Action item -
Restate verbatim the span of lines below between the line with "楽天市場】マキタ 丸ノコ 125mm" and the line with "24-25五下北师大版数学期末试卷五（含答案22页）", including those two lines, and only that span.

Entries shown -
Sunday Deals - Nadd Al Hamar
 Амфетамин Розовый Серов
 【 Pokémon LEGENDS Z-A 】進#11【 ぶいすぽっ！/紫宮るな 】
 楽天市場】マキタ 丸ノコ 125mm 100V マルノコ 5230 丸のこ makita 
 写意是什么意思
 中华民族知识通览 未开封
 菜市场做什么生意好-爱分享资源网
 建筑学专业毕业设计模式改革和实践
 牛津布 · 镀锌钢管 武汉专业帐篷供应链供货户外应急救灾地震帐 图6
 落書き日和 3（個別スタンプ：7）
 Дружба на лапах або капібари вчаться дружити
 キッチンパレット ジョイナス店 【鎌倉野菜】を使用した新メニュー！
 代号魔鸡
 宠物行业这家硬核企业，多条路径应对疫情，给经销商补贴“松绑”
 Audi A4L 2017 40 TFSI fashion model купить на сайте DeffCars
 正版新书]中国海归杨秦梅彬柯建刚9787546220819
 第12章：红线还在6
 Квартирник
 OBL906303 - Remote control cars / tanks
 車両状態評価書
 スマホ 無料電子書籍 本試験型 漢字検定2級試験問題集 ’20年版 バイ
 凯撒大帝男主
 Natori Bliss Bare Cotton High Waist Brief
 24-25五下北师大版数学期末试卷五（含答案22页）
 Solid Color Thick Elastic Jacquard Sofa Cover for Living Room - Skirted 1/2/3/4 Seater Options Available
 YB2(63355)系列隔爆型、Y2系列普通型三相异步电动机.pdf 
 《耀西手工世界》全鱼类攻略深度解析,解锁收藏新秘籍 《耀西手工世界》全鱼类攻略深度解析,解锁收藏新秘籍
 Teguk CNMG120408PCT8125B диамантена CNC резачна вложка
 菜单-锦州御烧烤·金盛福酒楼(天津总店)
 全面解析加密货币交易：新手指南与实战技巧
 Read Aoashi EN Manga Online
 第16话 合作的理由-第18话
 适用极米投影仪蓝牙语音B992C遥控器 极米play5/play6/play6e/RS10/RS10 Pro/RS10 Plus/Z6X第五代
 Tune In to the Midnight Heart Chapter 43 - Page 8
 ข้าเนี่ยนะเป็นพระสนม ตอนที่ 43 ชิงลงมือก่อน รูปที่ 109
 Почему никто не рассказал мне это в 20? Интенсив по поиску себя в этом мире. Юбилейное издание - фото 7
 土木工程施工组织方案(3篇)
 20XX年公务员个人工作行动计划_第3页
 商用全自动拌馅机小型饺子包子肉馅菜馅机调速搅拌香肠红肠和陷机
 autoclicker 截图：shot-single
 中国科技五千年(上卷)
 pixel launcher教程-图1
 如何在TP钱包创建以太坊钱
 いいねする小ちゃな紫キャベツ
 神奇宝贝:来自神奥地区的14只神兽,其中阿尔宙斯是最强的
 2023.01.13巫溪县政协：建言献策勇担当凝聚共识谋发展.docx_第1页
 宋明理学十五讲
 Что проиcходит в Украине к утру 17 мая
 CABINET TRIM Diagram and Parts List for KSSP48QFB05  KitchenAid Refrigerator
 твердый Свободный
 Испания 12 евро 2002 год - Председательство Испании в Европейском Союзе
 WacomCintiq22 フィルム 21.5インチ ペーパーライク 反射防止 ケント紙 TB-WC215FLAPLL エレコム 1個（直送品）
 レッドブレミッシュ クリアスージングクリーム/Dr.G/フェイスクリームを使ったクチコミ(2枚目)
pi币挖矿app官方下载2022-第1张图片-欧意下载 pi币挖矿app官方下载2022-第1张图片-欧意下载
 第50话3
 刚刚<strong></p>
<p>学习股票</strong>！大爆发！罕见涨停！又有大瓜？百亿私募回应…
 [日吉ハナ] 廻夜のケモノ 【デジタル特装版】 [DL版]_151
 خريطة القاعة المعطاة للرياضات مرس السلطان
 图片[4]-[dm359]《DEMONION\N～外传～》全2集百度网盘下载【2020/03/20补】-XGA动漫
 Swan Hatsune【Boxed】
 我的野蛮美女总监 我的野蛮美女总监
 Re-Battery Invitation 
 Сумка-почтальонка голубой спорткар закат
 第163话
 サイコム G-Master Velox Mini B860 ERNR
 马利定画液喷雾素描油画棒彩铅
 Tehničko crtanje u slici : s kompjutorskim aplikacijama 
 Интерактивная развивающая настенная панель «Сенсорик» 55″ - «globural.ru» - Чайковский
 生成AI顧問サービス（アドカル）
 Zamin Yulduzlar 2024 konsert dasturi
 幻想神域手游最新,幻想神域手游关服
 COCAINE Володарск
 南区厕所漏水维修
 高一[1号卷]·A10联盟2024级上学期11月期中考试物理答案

Solved problem -
 楽天市場】マキタ 丸ノコ 125mm 100V マルノコ 5230 丸のこ makita 
 写意是什么意思
 中华民族知识通览 未开封
 菜市场做什么生意好-爱分享资源网
 建筑学专业毕业设计模式改革和实践
 牛津布 · 镀锌钢管 武汉专业帐篷供应链供货户外应急救灾地震帐 图6
 落書き日和 3（個別スタンプ：7）
 Дружба на лапах або капібари вчаться дружити
 キッチンパレット ジョイナス店 【鎌倉野菜】を使用した新メニュー！
 代号魔鸡
 宠物行业这家硬核企业，多条路径应对疫情，给经销商补贴“松绑”
 Audi A4L 2017 40 TFSI fashion model купить на сайте DeffCars
 正版新书]中国海归杨秦梅彬柯建刚9787546220819
 第12章：红线还在6
 Квартирник
 OBL906303 - Remote control cars / tanks
 車両状態評価書
 スマホ 無料電子書籍 本試験型 漢字検定2級試験問題集 ’20年版 バイ
 凯撒大帝男主
 Natori Bliss Bare Cotton High Waist Brief
 24-25五下北师大版数学期末试卷五（含答案22页）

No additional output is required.